Por: Nicolás Otero Santos.

Los últimos tiempos han engendrado en sus fauces una especie de individuo que se caracteriza por su afán de independencia y capacidad de disfrutar “el simple y solitario hecho de sentirse solo”, como dice mi sobrino Santiago que, cuando era muchacho, inventaba deberes escolares para quedarse solo el fin de semana en casa, tranquilo, en paz, mientras el resto de la familia salía de paseo.

Este tipo de personaje que busca o se adapta fácil al hábitat solitario ha crecido tanto en nuestra sociedad, que de los grandes caserones con patio interior y diecisiete piezas sin incluir la del servicio, algunas viviendas pasaron a tener lo mínimo. Así, palabras como “Apartaestudio” o “Monoambiente” fueron apareciendo cada vez más en los avisos clasificados.

Y es que sin ninguna duda, vivir solo tiene sus ventajas. ¿Quién no disfruta el poder absoluto de poner música al volumen deseado en cualquier momento? ¿Quién no quiere tener esa deliciosa posibilidad de andar en pelota por toda la casa, a cualquier hora del día o de la noche? Sentir la independencia cuando una rafaguita de viento acaricia la entrepierna mientras nos desplazamos, digamos… por la sala, es la real bendición de esta especie.

Tener el baño siempre a disposición y hacer lo que queramos allí con la puerta abierta son otras comodidades que goza el que vive solo. Y ni hablar de la ducha, momento sagrado e ininterrumpible, donde nunca encontraremos una maraña de cabello ajeno taponando el desagüe.

El espacio del que vive solo tiende a convertirse los fines de semana en rematadero de fiestas, si la persona es rumbera. Y si el apartamento es de soltero, se puede usar perfectamente como una herramienta de seducción. “Vivo solo” es una frase que al ser pronunciada genera una imagen licenciosa en el receptor. Si la persona es casera, su casa se convierte los fines de semana en un templo de ocio, donde leer o ver una película sin ser interrumpido suele ser lo más cercano al paraíso.

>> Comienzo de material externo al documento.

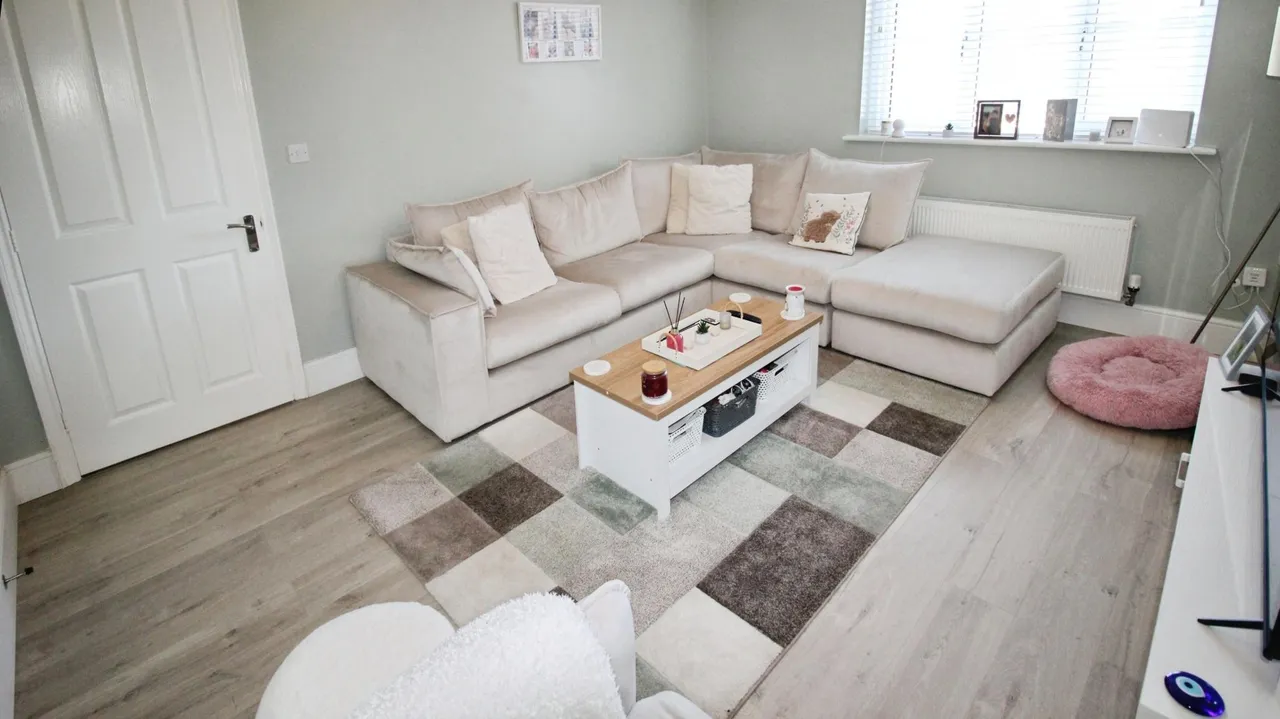 Robert Pearson Mews, Grimsby, DN32, photo 15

Pero no todo es color de rosa. También padece un infiernito el que vive solo. Y ese Hades está precisamente en la mesa: todo lo que cocina el individuo, alcanzaría siempre para dos. Sin embargo, y para mayor desgracia, los platos sucios se reproducen de manera misteriosa como si hubieran comido seis. Aparecen para lavar vasos, platos hondos y pandos, cubiertos, ollas y cucharitas de palo que uno no recuerda haber utilizado.

Otra maldición es que algunas comidas tienden a repetirse, y así como un perro siempre come el mismo cuido, la persona que vive sola repite los mismos menús: espaguetis con atún o arepa con jamón, por ejemplo. El enlatado como fiel desembalador y los frescos en polvo terminan de adornar la situación alimenticia del que vive solo, potenciada por comida rápida pedida a domicilio.

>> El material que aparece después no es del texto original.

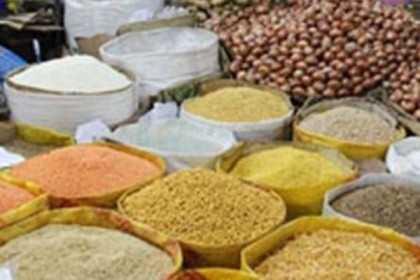 চাঁপাইনবাবগঞ্জে রমজানের শুরুতেই বেড়েছে নিত্যপণ্যের দাম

Otras pequeñas maldiciones sufre este personaje: no tiene a quién preguntarle dónde está el control remoto o cualquier objeto que se le pierda, y en cuanto a la limpieza, es indispensable contratar una muchacha un día a la semana para que la casa no se caiga de mugre y la ropa sucia no se acumule. Así, si sale un viaje de última hora, no tiene que empacar los calzoncillos sucios o mojados, y si una visita llega sin avisar no pasa vergüenza alguna.

Para erradicar las dificultades malditas que enfrenta el que vive solo, sin perder las bendiciones que lo acompañan, lo más adecuado es: irse a vivir cerquita de la mamá. Allí podrá ir a comer cuando quiera y si no tiene lavadora, puede incluso llegar con un bultico de ropa sucia. Puede dejar escondida una copia de las llaves por si algún día se queda afuera y además tiene la seguridad de que si se enferma, el Hotel Mami siempre tendrá las puertas abiertas. Porque vivir solo es una maravilla, “pero otra cosa es la soledad”, como también sentenciaba Santiaguito.